● Given data:
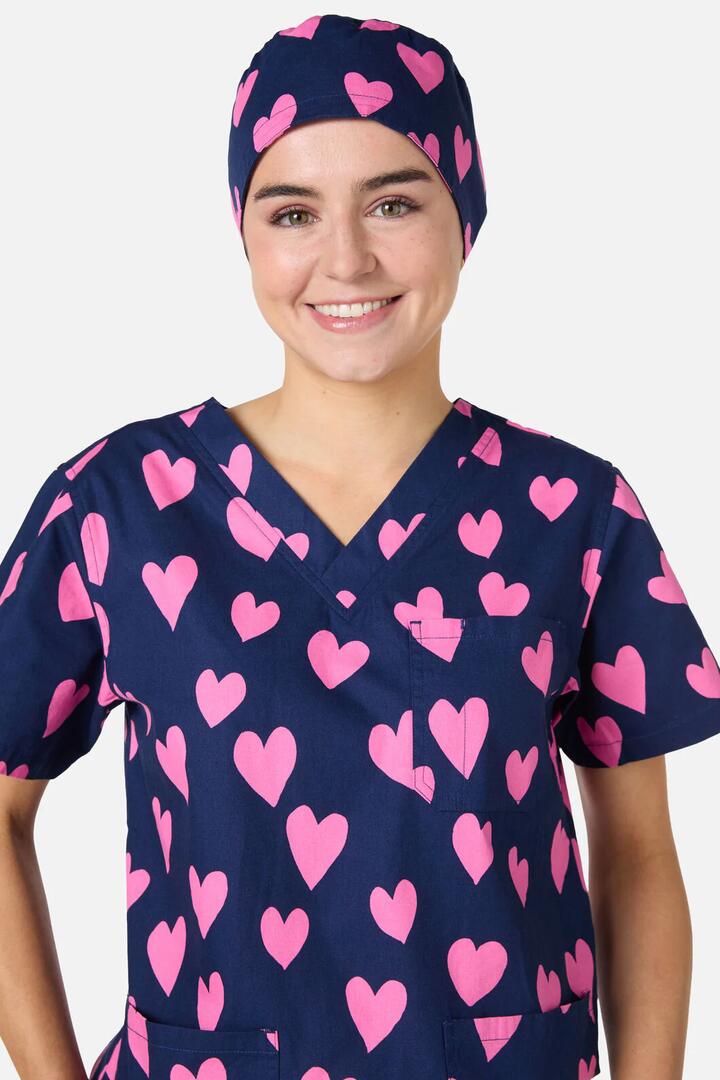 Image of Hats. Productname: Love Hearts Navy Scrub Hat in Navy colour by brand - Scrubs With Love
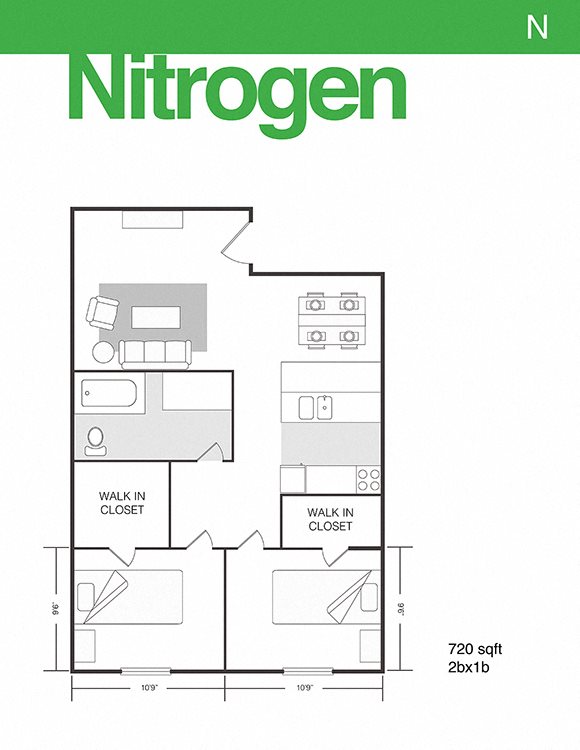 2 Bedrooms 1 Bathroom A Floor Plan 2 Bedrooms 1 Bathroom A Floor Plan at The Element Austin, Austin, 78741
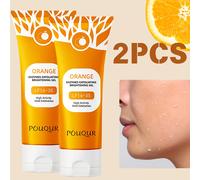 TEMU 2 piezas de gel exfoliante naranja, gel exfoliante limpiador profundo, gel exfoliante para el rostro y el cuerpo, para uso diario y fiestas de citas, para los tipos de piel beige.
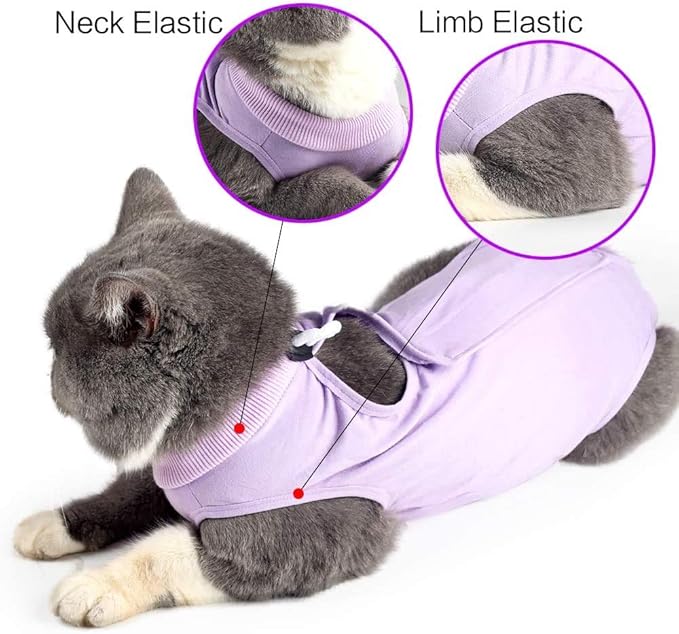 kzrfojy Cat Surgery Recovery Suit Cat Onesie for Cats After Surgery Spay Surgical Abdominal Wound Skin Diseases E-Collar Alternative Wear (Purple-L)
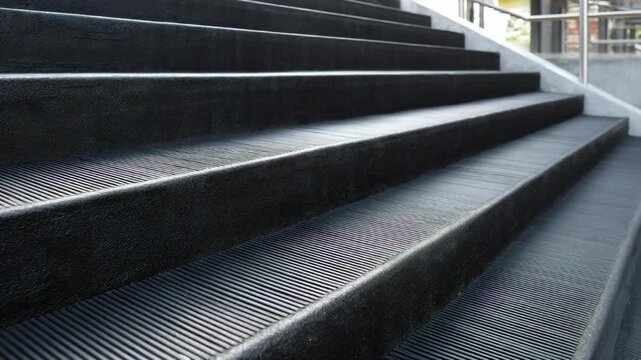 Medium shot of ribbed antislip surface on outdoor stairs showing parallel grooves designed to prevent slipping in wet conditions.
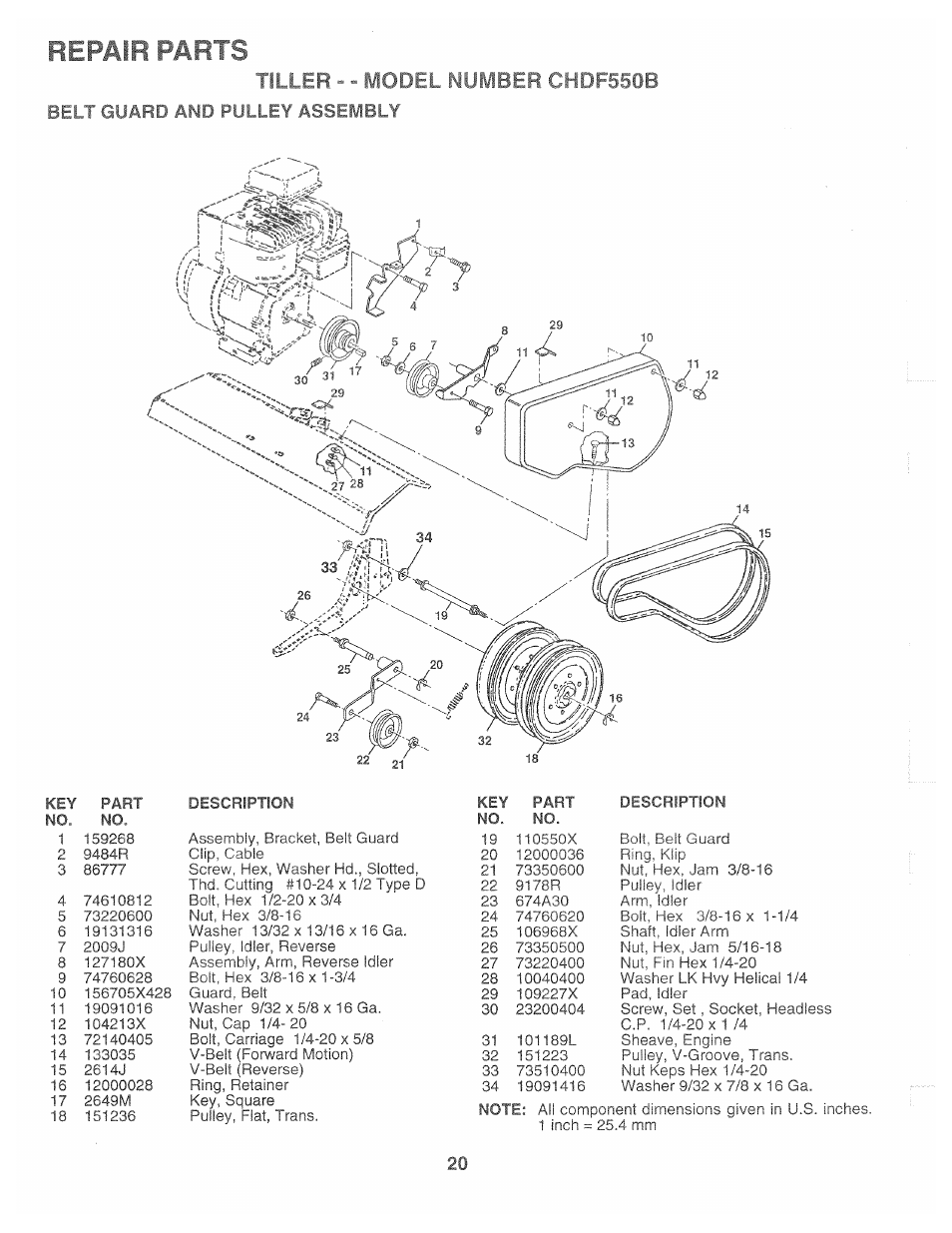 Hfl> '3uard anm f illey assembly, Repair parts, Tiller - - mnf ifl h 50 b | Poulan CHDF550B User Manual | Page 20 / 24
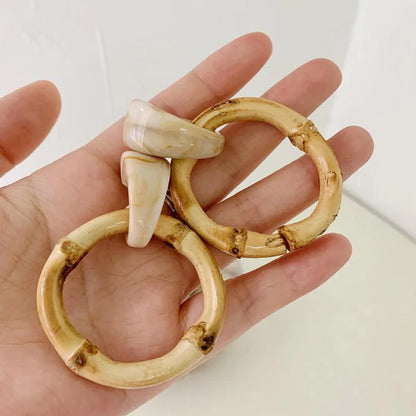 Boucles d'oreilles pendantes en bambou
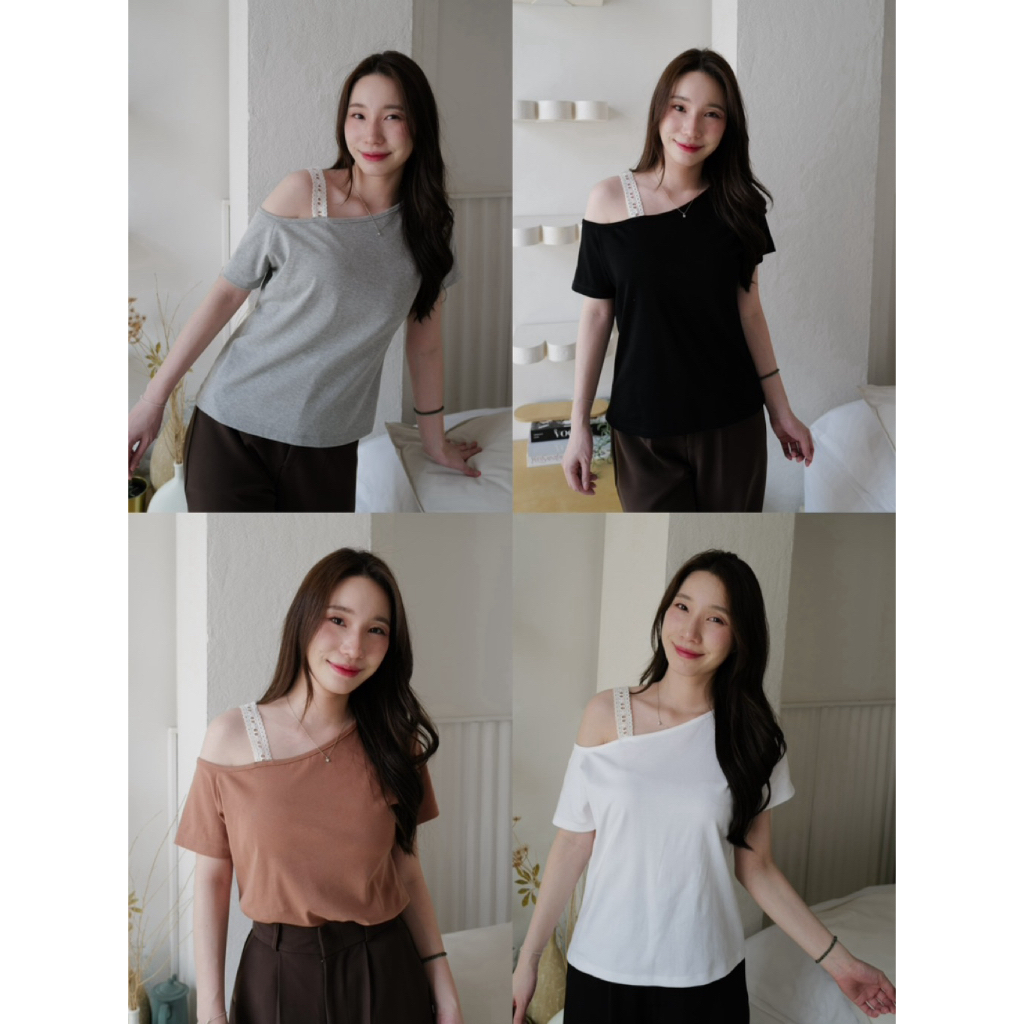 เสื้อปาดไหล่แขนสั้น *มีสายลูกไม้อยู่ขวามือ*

● Assigned task: Locate the line containing "TEMU 2 piezas" in the records above, then output it and every line after it through the last, excluding pictures.

● Result below:
 TEMU 2 piezas de gel exfoliante naranja, gel exfoliante limpiador profundo, gel exfoliante para el rostro y el cuerpo, para uso diario y fiestas de citas, para los tipos de piel beige.
 kzrfojy Cat Surgery Recovery Suit Cat Onesie for Cats After Surgery Spay Surgical Abdominal Wound Skin Diseases E-Collar Alternative Wear (Purple-L)
 Medium shot of ribbed antislip surface on outdoor stairs showing parallel grooves designed to prevent slipping in wet conditions.
 Hfl> '3uard anm f illey assembly, Repair parts, Tiller - - mnf ifl h 50 b | Poulan CHDF550B User Manual | Page 20 / 24
 Boucles d'oreilles pendantes en bambou
 เสื้อปาดไหล่แขนสั้น *มีสายลูกไม้อยู่ขวามือ*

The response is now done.